Fake Blogs and JavaScript Decoding Challenge

| 5 Comments

If you, like me, use Technorati to find interesting blog entries tagged "javascript", then you've probably noticed in recent days that a site javascript-guide.info (I'm not going to give them a real link; you can type this URL in yourself) has had a lot of posts, but that they titles are kind of gibberish. Looking at the site, it appears to be a fake blog, with content that is some how automatically gleaned from elsewhere on the web. There are lots of ads on each page, so I suspect that this site exists to get Google AdSense clicks...

When I visited, I noticed a persistant "waiting for fueledstudios.com..." message in my browser's status line. So I used view source to find out what it was loading from that site. It turns out that the last think each page of this fake blog does is load a script from fueledstudios.com

This is where the JavaScript Decoding Challenge comes in. Take a look at the script. It is not heavily obfuscated, but whitespace has been stripped out. The name of the script indicates that it is tracking something. A glance at the script shows that it is doing something with the google adsense ads on the page. it also registers event handlers, uses setTimeout() to repeatedly do something, and communicates with its server by dynamically loading images that pass a lot of data in their URL.

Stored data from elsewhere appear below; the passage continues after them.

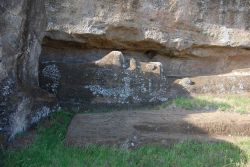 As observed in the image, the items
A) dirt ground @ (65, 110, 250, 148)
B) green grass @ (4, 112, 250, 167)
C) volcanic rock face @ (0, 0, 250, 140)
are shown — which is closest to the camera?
green grass @ (4, 112, 250, 167)

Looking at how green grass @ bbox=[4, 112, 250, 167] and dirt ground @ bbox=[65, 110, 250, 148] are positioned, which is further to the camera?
dirt ground @ bbox=[65, 110, 250, 148]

This might all be perfectly benign. But I have the feeling that this site is doing something sleazy. It sure would be nice if we could tell Google that this site is violating their AdSense terms-of-service. That might cause the site to shut down and stop spamming Technorati with junk. So, this is the challenge: anyone want to sort out what this script actually does? I'm very curious, but can't spare the time...

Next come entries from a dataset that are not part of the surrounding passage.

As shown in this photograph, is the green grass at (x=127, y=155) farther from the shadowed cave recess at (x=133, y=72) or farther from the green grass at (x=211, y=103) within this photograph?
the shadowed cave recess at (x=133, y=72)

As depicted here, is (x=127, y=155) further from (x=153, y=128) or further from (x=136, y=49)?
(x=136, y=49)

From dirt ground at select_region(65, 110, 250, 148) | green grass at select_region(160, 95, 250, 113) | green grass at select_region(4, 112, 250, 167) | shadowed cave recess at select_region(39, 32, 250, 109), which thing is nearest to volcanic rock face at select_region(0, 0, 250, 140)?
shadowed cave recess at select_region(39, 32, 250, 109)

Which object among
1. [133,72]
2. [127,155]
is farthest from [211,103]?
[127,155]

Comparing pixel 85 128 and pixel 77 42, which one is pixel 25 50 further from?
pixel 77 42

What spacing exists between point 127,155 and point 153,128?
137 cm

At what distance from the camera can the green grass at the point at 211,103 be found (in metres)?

Let me know if you figure anything out!

5 Comments

After a quick look, it seems to just gather the info about the page and what ads are on it (up to 3 iframes with google ads in them) and then package up the data and send it to a php script. Things sent are the current page, the referrer, the ad colors and size for some reason, and a timestamp.

Thanks Geoff,

Maybe they're just trying to track the performance of ads based on permutations of colors, sizes and referrers...

I was hoping it was something more sinister...

Maybe they're collecting information in an attempt to "game" the system? I.e. tracking the actual ads Google runs and then perhaps correlating it with the revenue each generates?

Just a thought.

Seems like the "astracker" scripts called from the JS are some sort of AdSense tracking solution, most likely from adsensegold.com. A look at this website should give you an idea what they are trying to do.

Carlo seems to be right. At http://www.related-pages.com/ we find similar information. Searching Google for 'astracker' results in a lot of pages with similar urls

.../astracker/ast.php

all containing the same script david is linking to.